Blockchain Size

What is keeping the blockchain from becoming ridiculously enourmous, in such a way that only a handful or organizations in the world can actually keep it? Could someone point me to some blog or whitepaper section descrining that?

Thanks

Comments

  • StephanTualStephanTual London, EnglandMember, Moderator Posts: 1,282 mod
    Horrible oversimplification follows:

    Imagine two contracts that share 10 lines of the same code.
    The blockchain will only store the code once, but 'pointers' to the code in question twice.

    That's deduplication at work, Vitalik posted an article on the subject at:
    http://blog.ethereum.org/2014/02/03/introducing-ethereum-script-2-0/
  • KlausKlaus Member Posts: 2
    Duplicated code is a tiny fraction of the block chain.
  • onecorponecorp Member Posts: 5
    What are the current ideas on handling state changes - having 100k+ contracts with their own state change in block seems like it's gonna be a spicy meatball!
  • FlavienFlavien Member Posts: 7
    From the answers I got on this, it seems they are still figuring it out.
  • salhadaarsalhadaar Member Posts: 26
    One thing I see happening is that there will be centralised scripts that perform the same task over and over again and will accept any number of "customers".

    For instance, let's say you've got a "withdraw 1% a day" contract set up. If thousands of people wanted to all have that functionality, you wouldn't need 1,000 different contracts in the network.

    Instead you could have one contract that basically can accomodate any number of deposits and keep track of them all, which addresses are allowed to withdraw, how much, and how often.

    In fact you could have a website that just features a load of these contracts. As long as they're trusted you could create a pretty impressive collection of free financial services.
  • cyberfaxcyberfax Member Posts: 11 ✭✭
    Now I don't think this will be a huge issue in a while, but what if there was millions of contracts?

    Maybe its time to think about ways one might create a distributed block chain, where each user only has to keep a small part of the actual chain, unless they want to keep the entire chain, but the system wouldn't depend on any single user keeping the entire chain. Users needing high performance on parts of the chain could have some way to select which parts of the block chain to download, perhaps only the parts that deal with certain contracts. This might also be a way to avoid excessively punishing those that might want to store large amounts of data, if those who are not interested in this data don't have to download it, it's not such a big deal.

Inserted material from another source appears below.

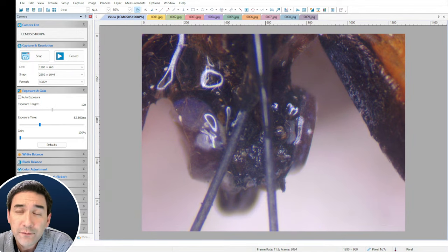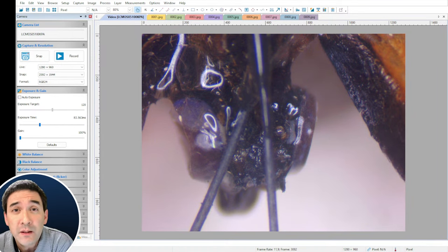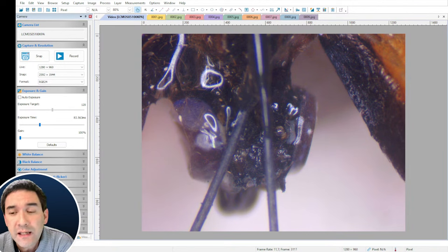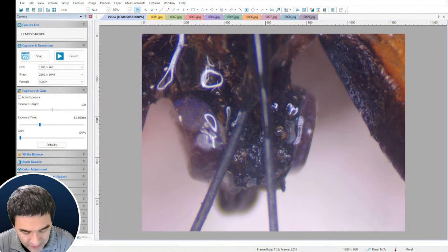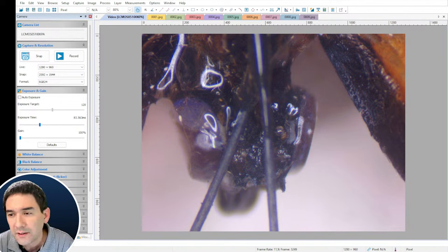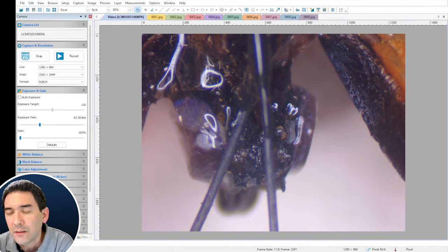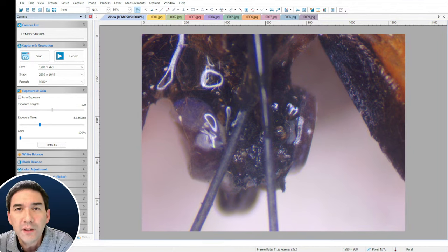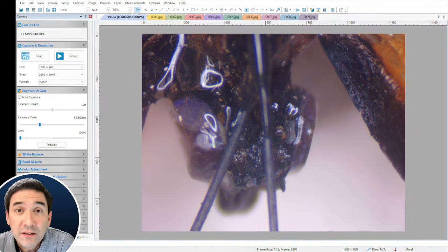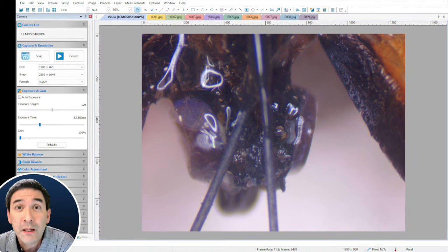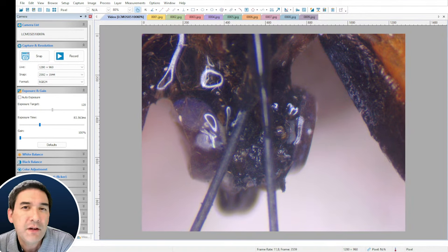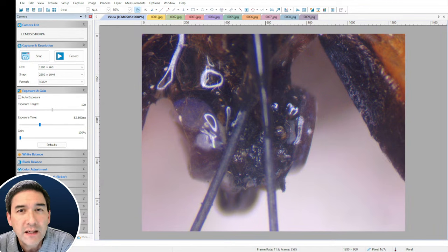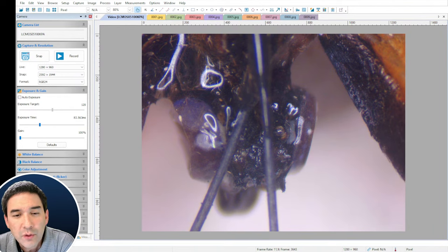Concerning focus stacking, there are different programs you can use. There is a free program called Picolet — picolet.de — it's totally free. It's a very powerful program, but not quite as user-friendly; you really have to read the documentation. For most cases, you want a very quick way to generate stack images, and for that I recommend Helicon Focus, which I'm going to show you now.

    Maybe distributed hash table technology might be useful? Maybe MaidSafe (youtube.com/watch?v=Wtb6L7Bg3zY)? Maybe individual contracts could the option of having their own separate block chain, but being to the main block chain somehow?
  • Jam10oJam10o Member Posts: 61 ✭✭
    Arbitrary data, in Tries, built on top of a distributed DHT-based Database, and suddenly we lose the simplicity that makes Ethereum special right now :)
    Somehow, I think the current implementation means that although we might have fewer full nodes, they will not have significant power over the network (spv, pools being on-blockchain, crazy things we haven't thought of yet...).
    The whitepaper does say that the network is made to scale with our technological capabilities, after all, and like 1TB (pretty standard nowadays...) seems big from the perspective of someone from 1996, 1PB seems big for us, but may be trivial in a few years, let's not worry about blockchain size? Mobile phones can use SPV clients (like Mycelium for bitcoin).
  • chris613chris613 Member Posts: 93 ✭✭
    I think Klaus' point is important - intuition says that only a tiny fraction of the blockchain is likely to be duplicated since transactions are composed mostly of unique looking strings. I would expect (maybe incorrectly?) that contracts would be a significantly smaller portion of volume in terms of bandwidth since they only get sent once, and in general many more people will transact in the usual sense vs. creating contracts. On the other hand, I don't recall reading any limit on contract's storage usage. The whitepaper says 2^256 storage entries which seems like... lets call it... a LOT, to me. I assume that is for all contracts and that the address space will be sparsely allocated via some hash based addressing with the assumption that the space is too huge for any two contract's storage base address + offset to collide. Clearly, though, the barrier to entry for a full node can't be to store as much data as the deepest pockets can pay for. There need to be limits of various sorts that nodes can tune in terms of what they are willing to do.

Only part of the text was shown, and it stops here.